Print out the entries from the line containing "Happy Baby Panda Teething Mitt Blue" through the last line, exactly, and print nothing else. Pictures are not copied.

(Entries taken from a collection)
☆ ☆ ☆ ☆

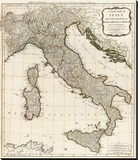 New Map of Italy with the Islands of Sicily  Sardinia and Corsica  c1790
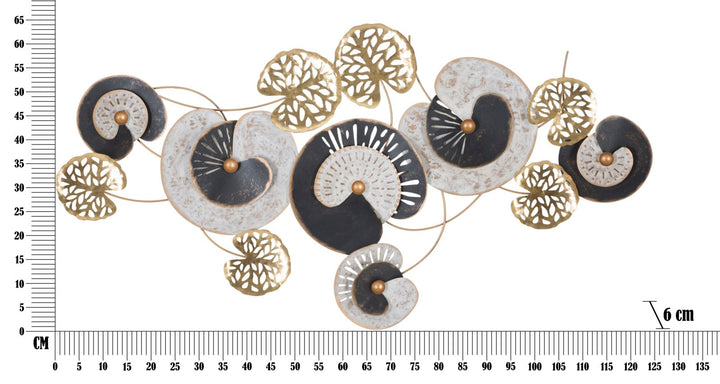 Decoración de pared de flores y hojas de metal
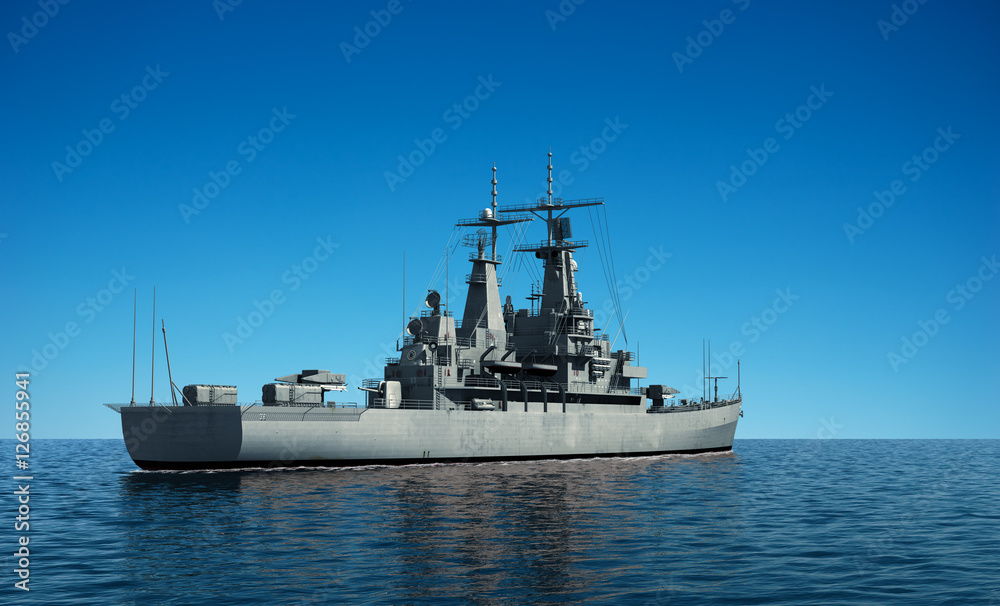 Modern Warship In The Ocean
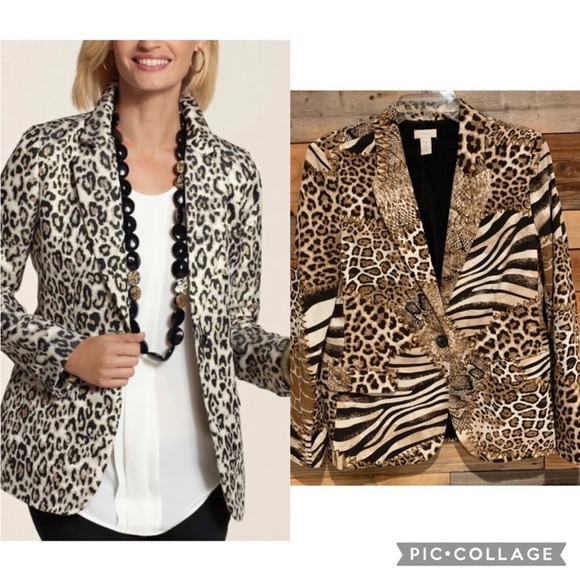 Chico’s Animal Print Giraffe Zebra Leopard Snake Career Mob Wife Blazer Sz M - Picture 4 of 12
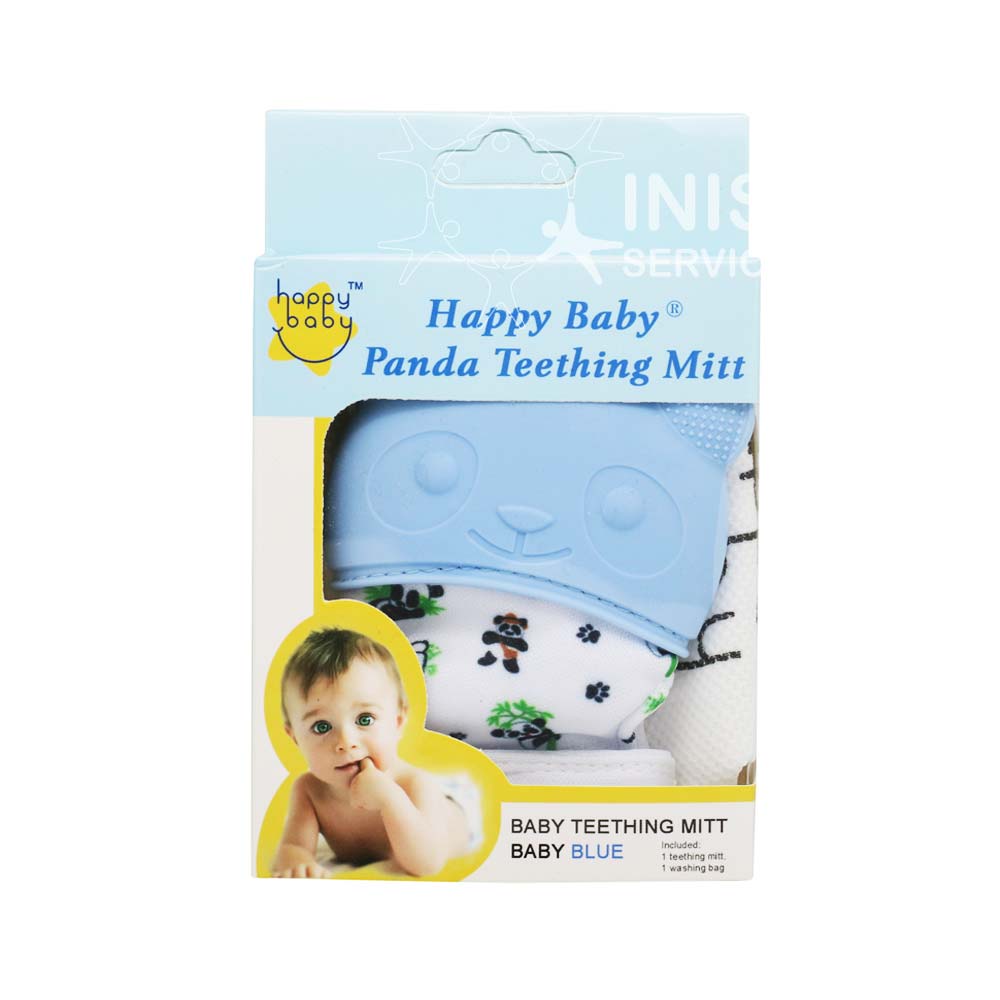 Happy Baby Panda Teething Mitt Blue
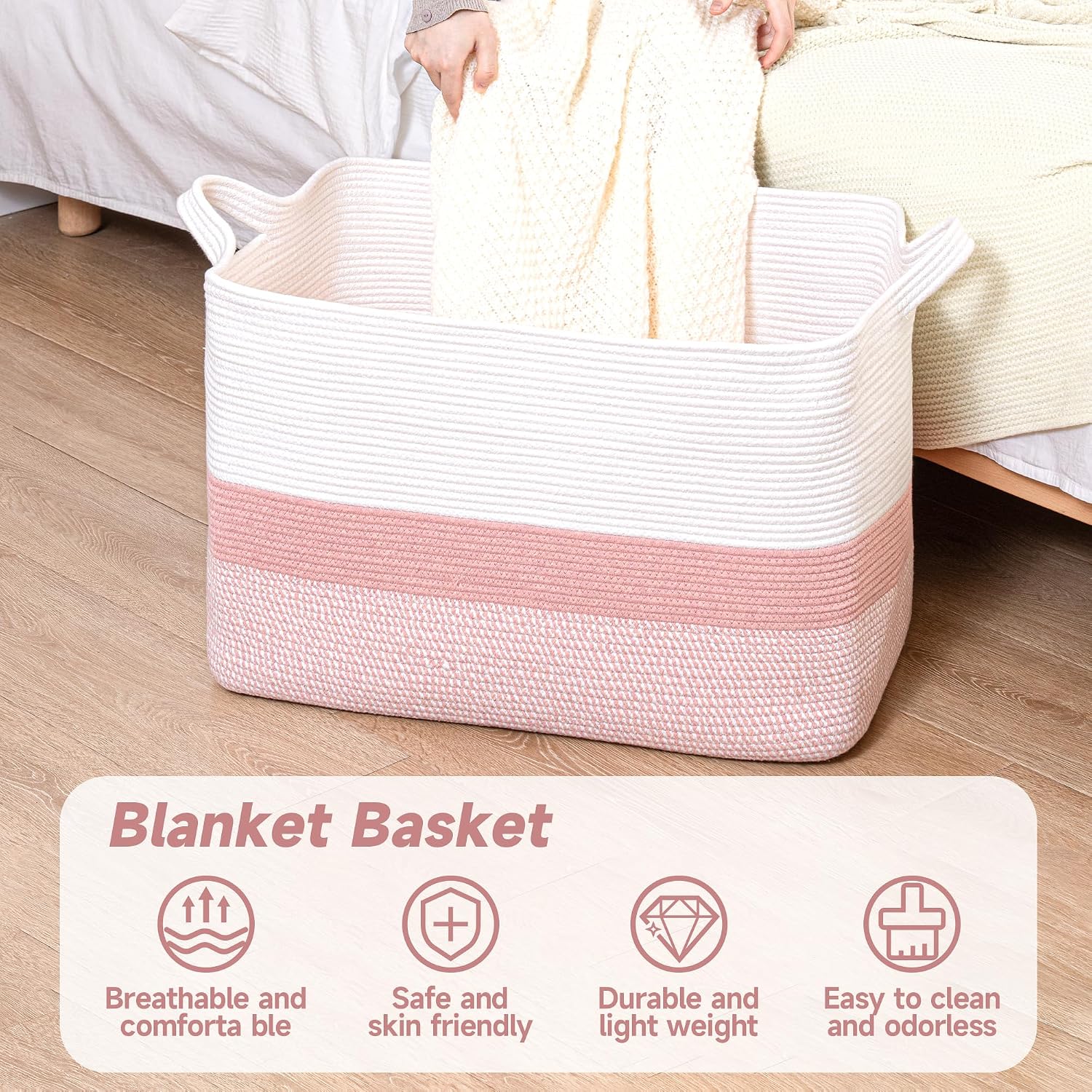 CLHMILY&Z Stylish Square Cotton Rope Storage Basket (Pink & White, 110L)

☆ ☆ ☆ ☆

▸ **Output of the exercise**:
 Happy Baby Panda Teething Mitt Blue
 CLHMILY&Z Stylish Square Cotton Rope Storage Basket (Pink & White, 110L)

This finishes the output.